-- Opening Marker --

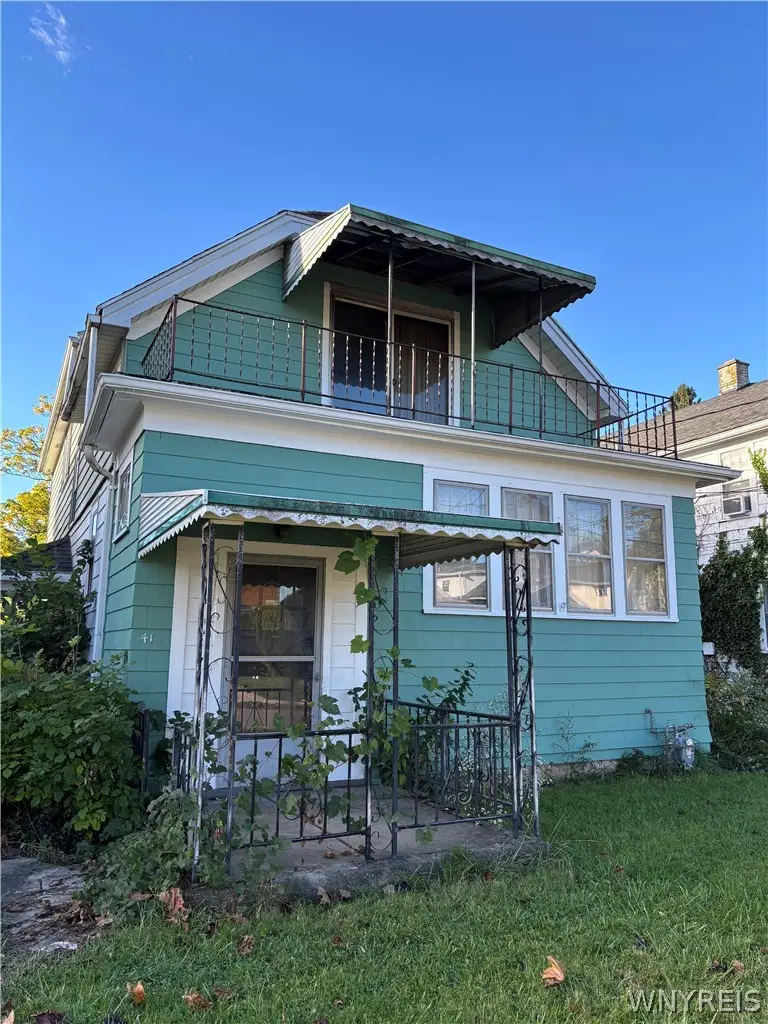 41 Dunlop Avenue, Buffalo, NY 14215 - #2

-- Closing Marker --
-- Opening Marker --

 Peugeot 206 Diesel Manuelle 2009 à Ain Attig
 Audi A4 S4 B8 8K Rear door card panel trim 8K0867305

-- Closing Marker --
-- Opening Marker --

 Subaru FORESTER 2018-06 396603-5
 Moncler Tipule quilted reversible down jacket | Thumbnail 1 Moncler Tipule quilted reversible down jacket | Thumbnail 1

-- Closing Marker --

=== Task description ===
From the entries above, restate word for word the lines from the line containing "Subaru FORESTER 2018-06 396603-5" to the line containing "Thumbnail 1 Moncler", both ends included, and nothing more.

=== Written solution ===
 Subaru FORESTER 2018-06 396603-5
 Moncler Tipule quilted reversible down jacket | Thumbnail 1 Moncler Tipule quilted reversible down jacket | Thumbnail 1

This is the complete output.